--- INPUT DATA Enclosed Below ---

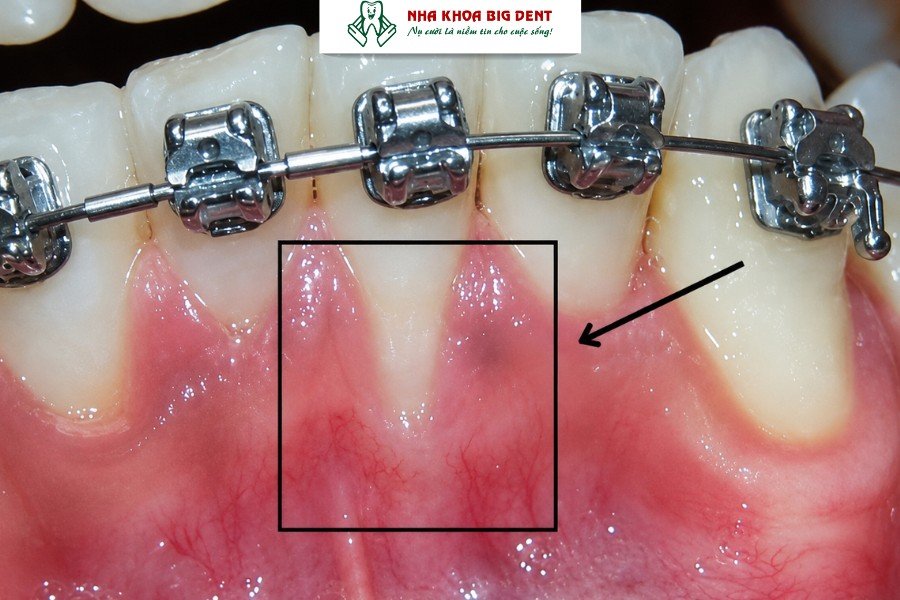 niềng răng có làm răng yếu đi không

--- End of Enclosed INPUT DATA ---
--- INPUT DATA Enclosed Below ---

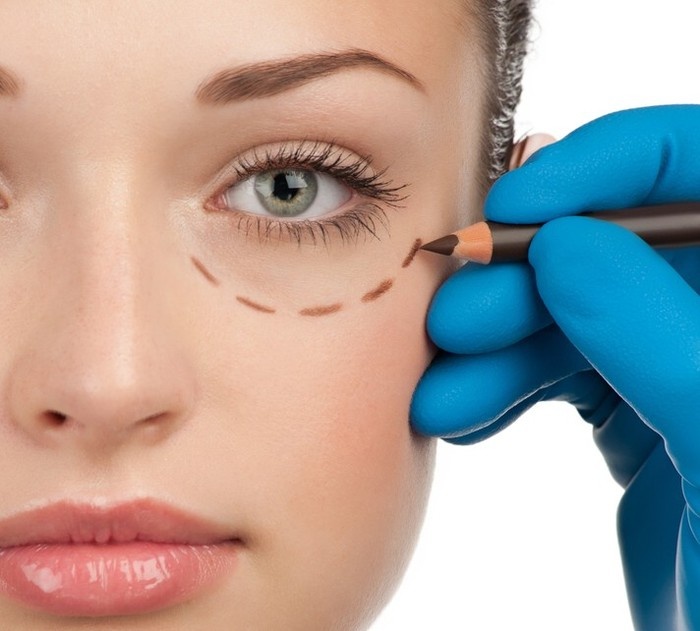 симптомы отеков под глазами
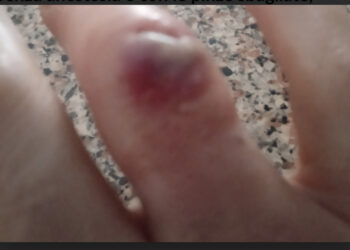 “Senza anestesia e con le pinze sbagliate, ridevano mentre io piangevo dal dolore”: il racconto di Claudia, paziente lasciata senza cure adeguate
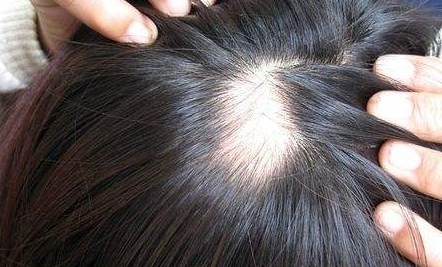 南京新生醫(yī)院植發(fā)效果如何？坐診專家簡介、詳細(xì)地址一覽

--- End of Enclosed INPUT DATA ---
--- INPUT DATA Enclosed Below ---

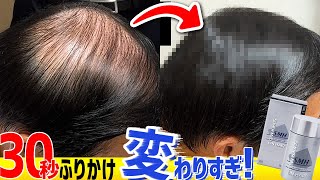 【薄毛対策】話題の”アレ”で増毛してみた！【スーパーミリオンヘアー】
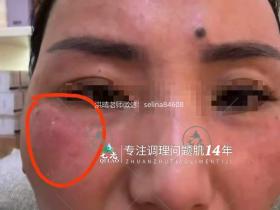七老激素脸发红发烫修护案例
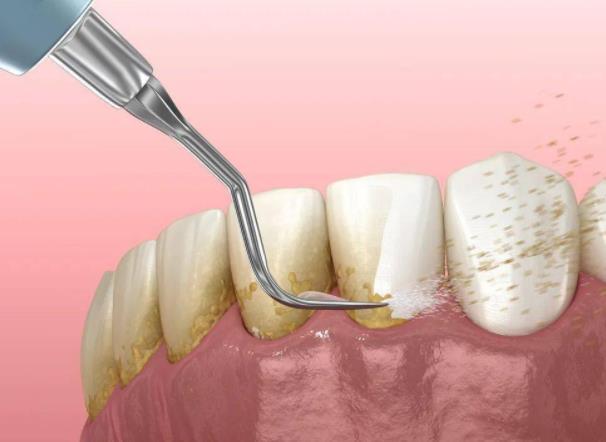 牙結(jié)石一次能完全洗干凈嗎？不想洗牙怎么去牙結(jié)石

--- End of Enclosed INPUT DATA ---

EXERCISE DIRECTIONS — Set the pictures aside and reproduce exactly the lines above, from the line holding "симптомы отеков под глазами" through the line holding "南京新生醫(yī)院植發(f", both included, with nothing else.

SOLUTION TO THIS PROBLEM —
 симптомы отеков под глазами
 “Senza anestesia e con le pinze sbagliate, ridevano mentre io piangevo dal dolore”: il racconto di Claudia, paziente lasciata senza cure adeguate
 南京新生醫(yī)院植發(fā)效果如何？坐診專家簡介、詳細(xì)地址一覽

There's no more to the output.